Conditional Adapters: Parameter-efficient Transfer Learning with Fast Inference

Authors: Tao Lei, Junwen Bai, Siddhartha Brahma, Joshua Ainslie, Kenton Lee, Yanqi Zhou, Nan Du, Vincent Zhao, Yuexin Wu, Bo Li, Yu Zhang, Ming-Wei Chang

NeurIPS 2023 | Conference PDF | Archive PDF | Plain Text | LLM Run Details

Reproducibility Variable Result LLM Response
Research Type Experimental Our experiments demonstrate that the CODA approach provides an unexpectedly efficient way to transfer knowledge. Across a variety of language, vision, and speech tasks, CODA achieves a 2x to 8x inference speed-up compared to the state-of-the-art Adapter approaches with moderate to no accuracy loss and the same parameter efficiency.
Researcher Affiliation Industry Correspondence: taoleics@gmail.com, junwen@google.com
Pseudocode No The paper describes iterative updates for the soft top-k function in Appendix C using mathematical equations and descriptions, but it does not present them in a formalized pseudocode or algorithm block.
Open Source Code No The paper references checkpoints from the T5 project ('2https://github.com/google-research/text-to-text-transfer-transformer/blob/main/ released_checkpoints.md#t511') but does not provide a direct link to the source code for the CODA methodology developed in this paper, nor an explicit statement about its release.

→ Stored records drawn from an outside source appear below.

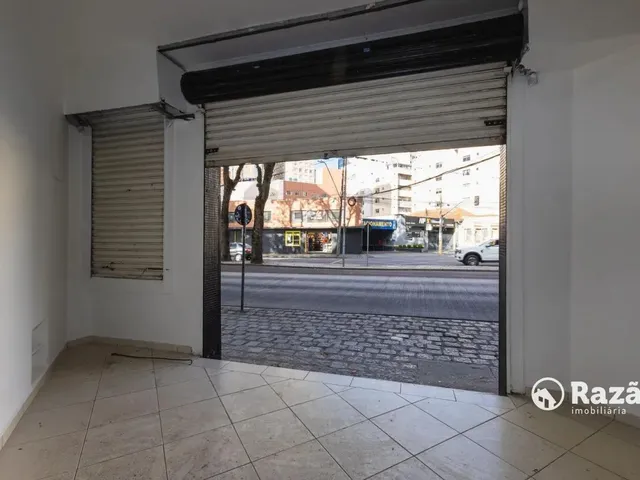 Loja para alugar, no bairro Centro em Curitiba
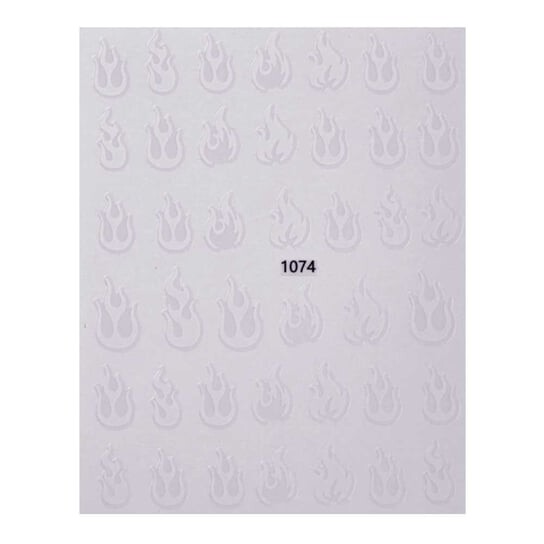 Наклейки для ногтей тонкие S, Molly Lac
Наклейки для ногтей тонкие S, Molly Lac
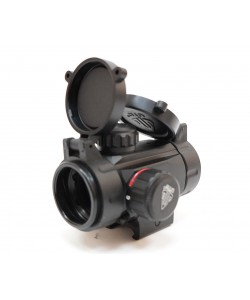 Коллиматорный прицел Leapers 1x28 3” Sub-compact ITA (SCP-DS3028W)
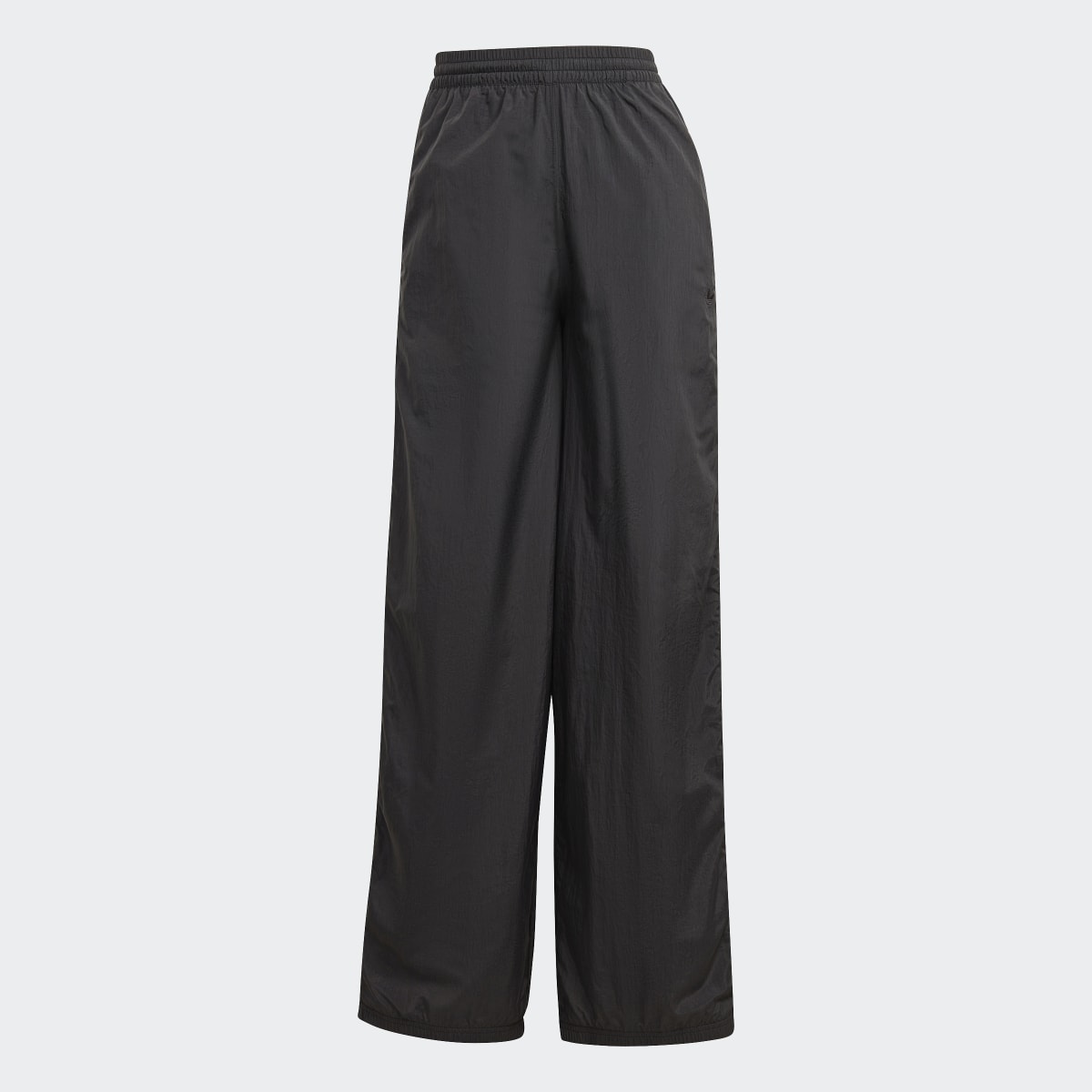 Adidas Premium Essentials Nylon Track Pants. 4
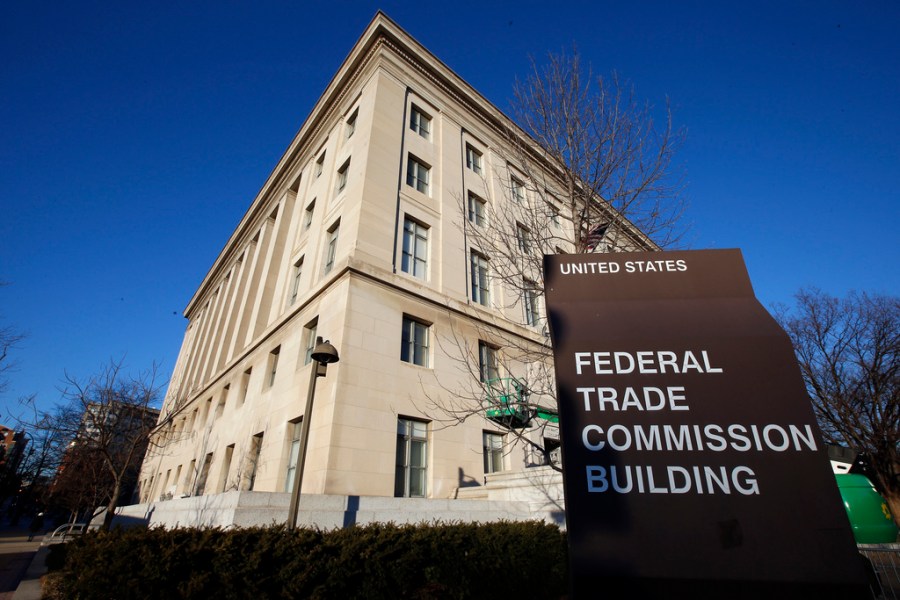 PBMs made billions marking up speciality drugs by more than 1,000 percent: FTC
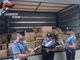 Rivarolo Canavese, rubavano materiale elettrico da un'azienda per rivenderlo online: denunciati in tre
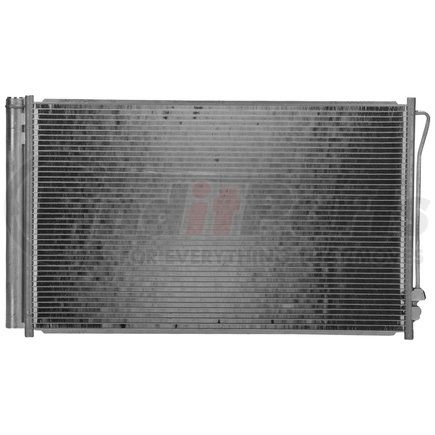 Global Parts Distributors 30066C gpd Condenser 30066C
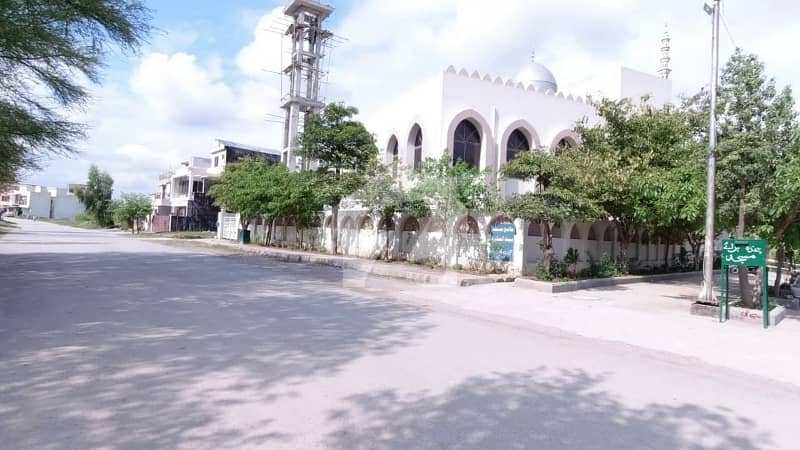 Find Your Ideal Residential Plot In F-14 Under Rs. 11000000 Find Your Ideal Residential Plot In F-14 Under Rs. 11000000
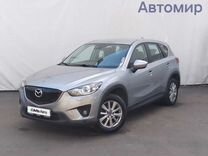 Mazda CX-5 2.0 AT, 2015, 170 340 км, с пробегом, цена 1 735 000 руб.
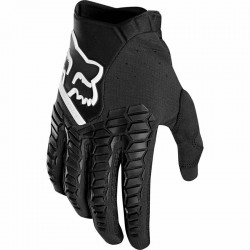 Перчатки Fox Pawtector Glove Black, XL, 2023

Open Datasets Yes We use the C4 corpus [Raffel et al., 2020] for pretraining text models. For speech models, we use the Libri Light corpus [Kahn et al., 2020] for pretraining. Our vision Transformer models use the same data and training procedure in Pix2Struct [Lee et al., 2022]. Our finetuning datasets for text models include the MNLI [Williams et al., 2018], RTE [Dagan et al., 2005, Haim et al., 2006, Giampiccolo et al., 2007, Bentivogli et al., 2009], Bool Q [Clark et al., 2019], SQu AD [Rajpurkar et al., 2016] and XSum [Narayan et al., 2018] datasets. The speech models are evaluated on the speech recognition task using the Libri Speech dataset [Panayotov et al., 2015]. Finally, we use the OCR-VQA [Mishra et al., 2019], Doc VQA [Mathew et al., 2021], and Screen2Words [Wang et al., 2021] datasets for vision models.
Dataset Splits Yes We report accuracy on the development set on 3 tasks 3 model sizes, and set the number of selected tokens k = n/r .

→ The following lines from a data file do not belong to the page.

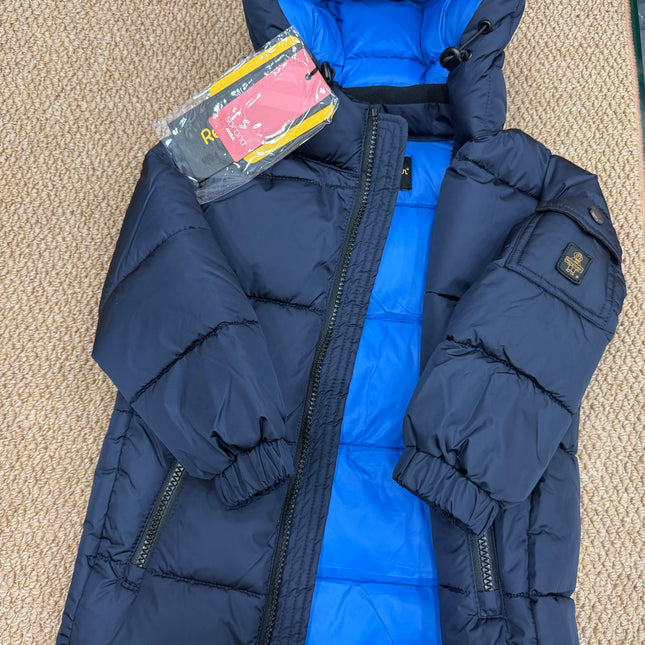 Giubbino Refrigwear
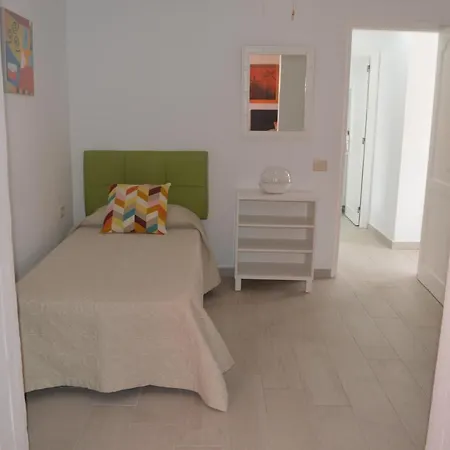 Apartament Vv Centrico 1ºb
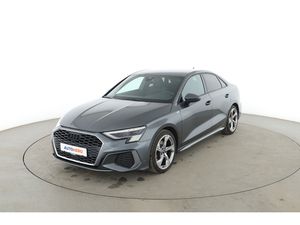AUDI A3 BERLINA 35 TFSI 35 TFSI MILD-HYBRID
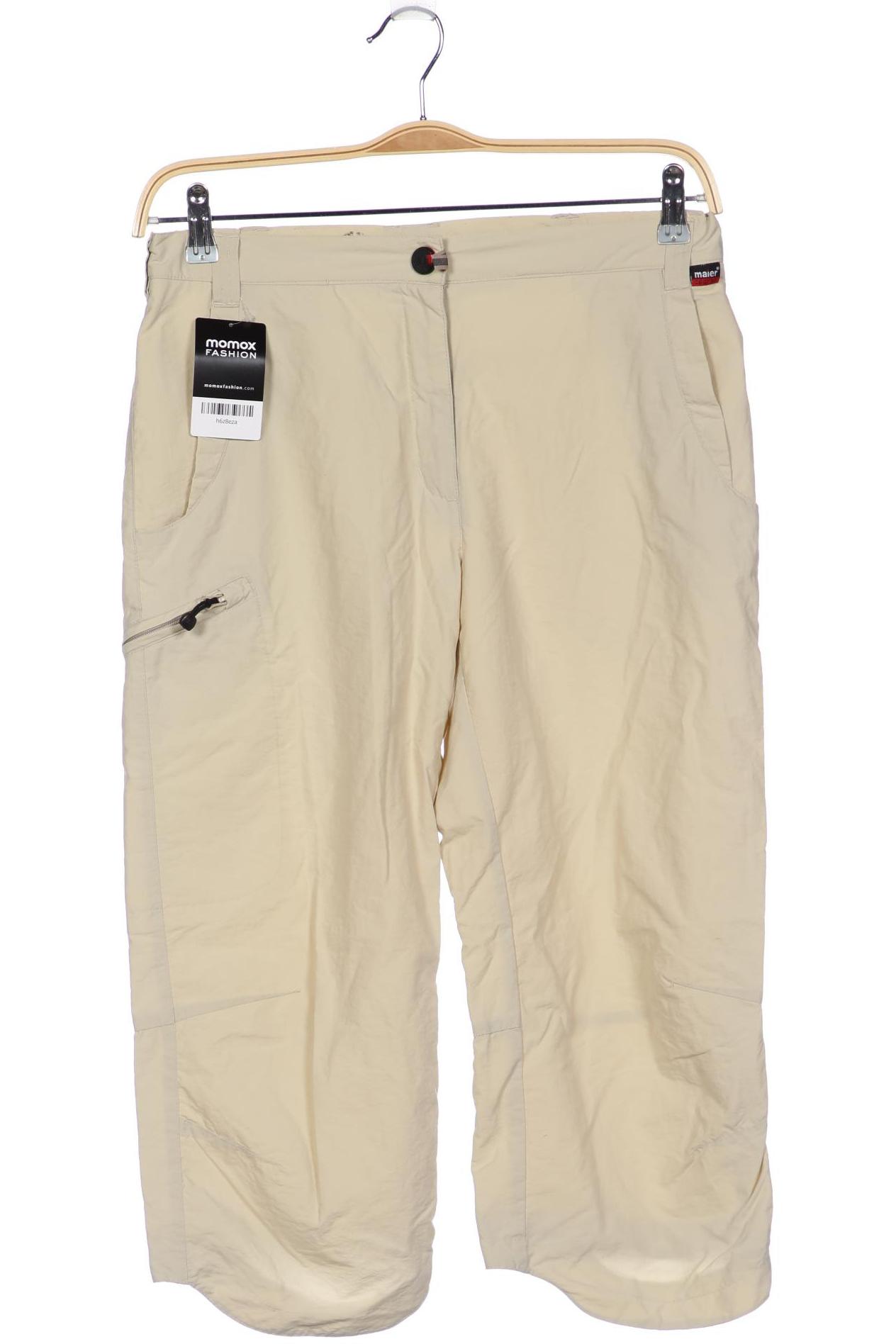 

Maier Sports Damen Shorts, beige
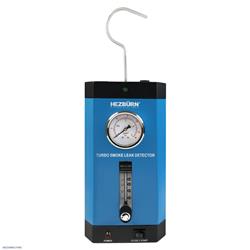 دستگاه تست نشتی بوسیله دود هزبرن مدل H67120 (دارای توربو)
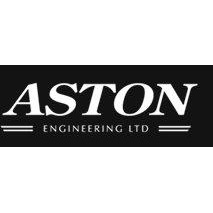 Aston Engineering Ltd. Aston Engineering Ltd.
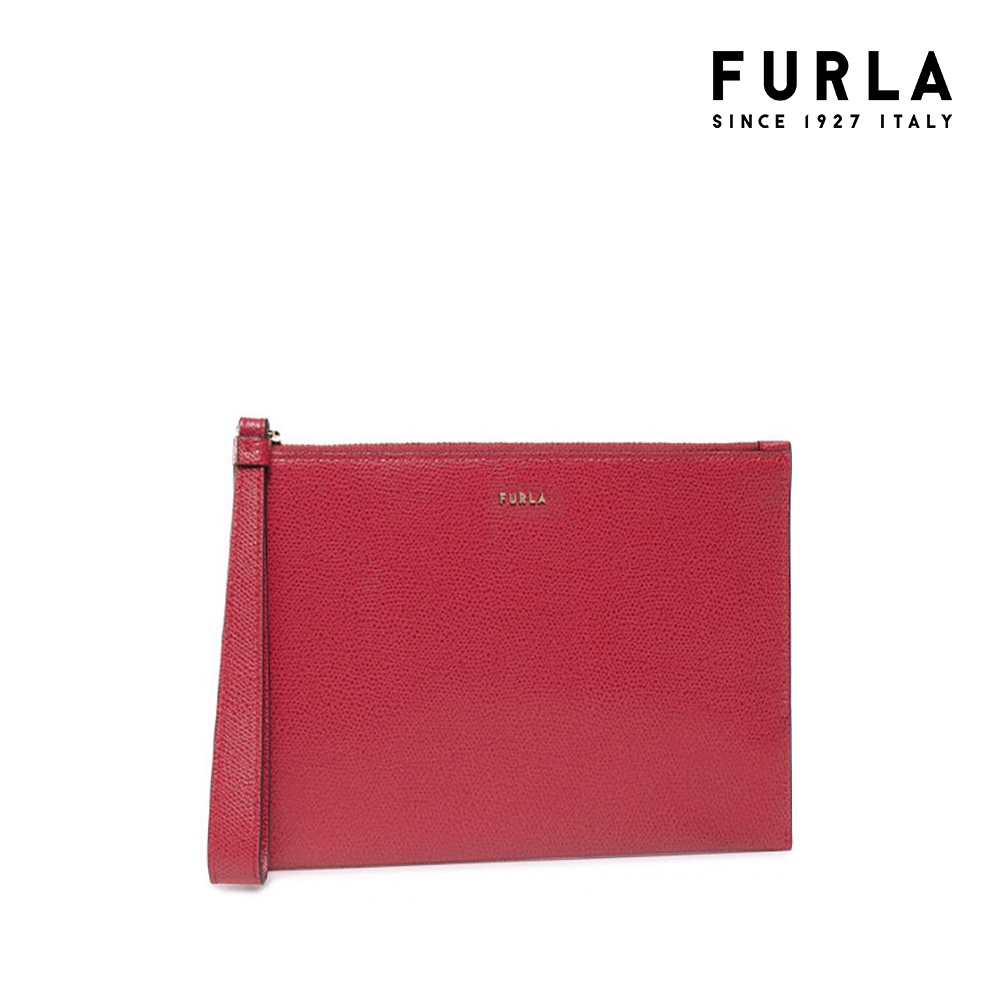 [Mã FAPRE4 giảm 10% đơn từ 1tr] Túi Nữ FURLA Babylon S Envelope Ares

Hardware Specification Yes All models have been pre-trained using 128 or 256 TPUv3/TPUv4 chips. [...] We use a single TPUv4 chip and 128 sequences per batch.

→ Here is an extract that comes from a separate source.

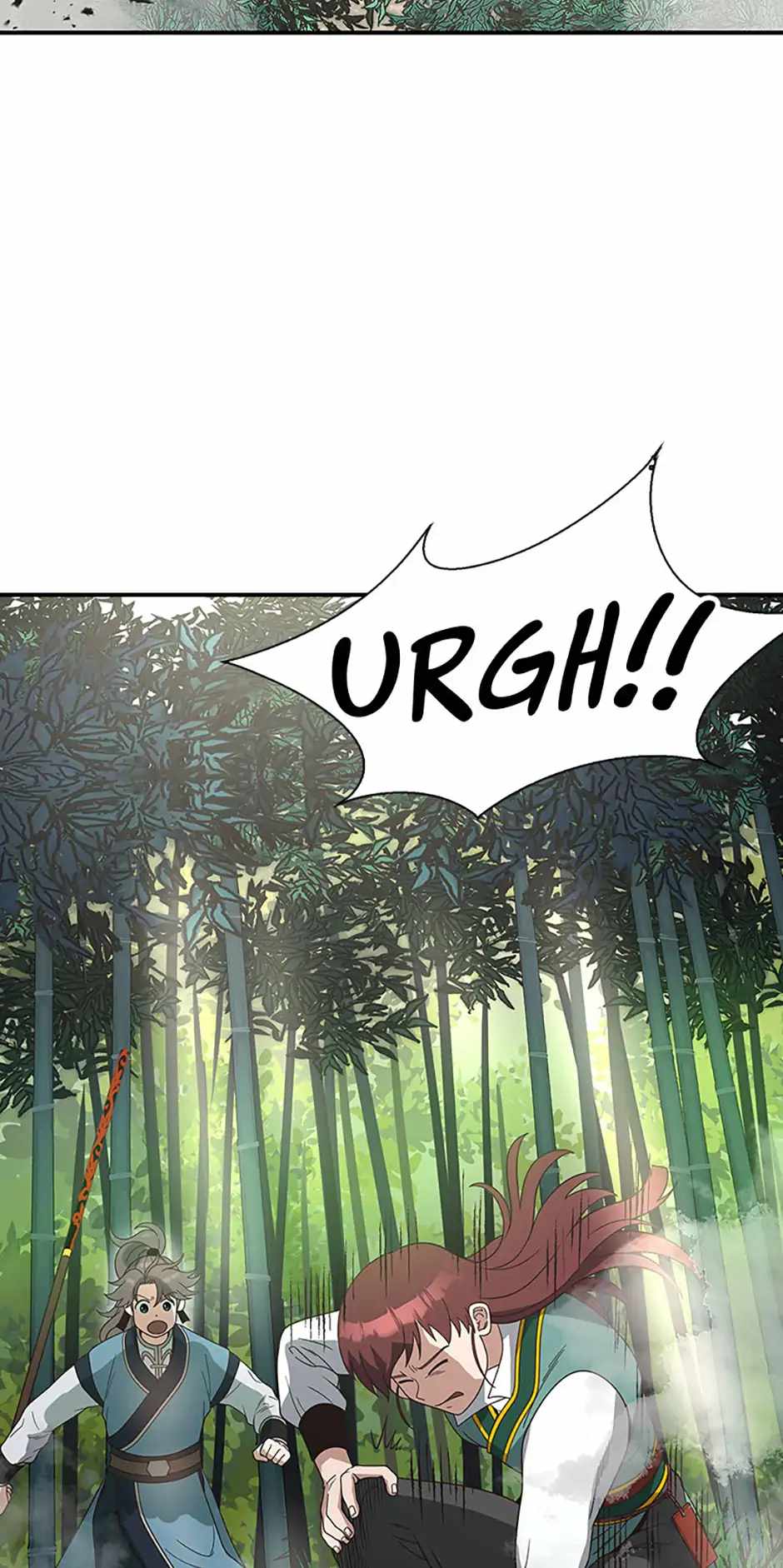 The Demonic Blade Fairy Chapter 51 43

Software Dependencies Yes For our text and vision experiments, we implement our models using JAX [Bradbury et al., 2018]. Specifically, our training and model modules are built on top of the T5X, Flax and Flaxformer framework [Roberts et al., 2022, Heek et al., 2020]. [...] For the speech experiments, we use Tensor Flow [Abadi et al., 2015] and the Lingvo framework [Shen et al., 2019].
Experiment Setup Yes Table 8 lists the hyper-parameters used for fine-tuning, including the sequence length, learning rate, batch size and the number of fine-tuning steps used. For NLP datasets, we set the maximum input length and decoding length to the 98th percentile of lengths in the training set. For vision datasets, we set the input length following the suggested values in Pix2struct. We also find that annealing the number of routed tokens k can achieve better finetuning results. Specifically, we decrease k linearly from the sequence length n down to the target value n/r using the first 10% to 20% of the finetuning steps.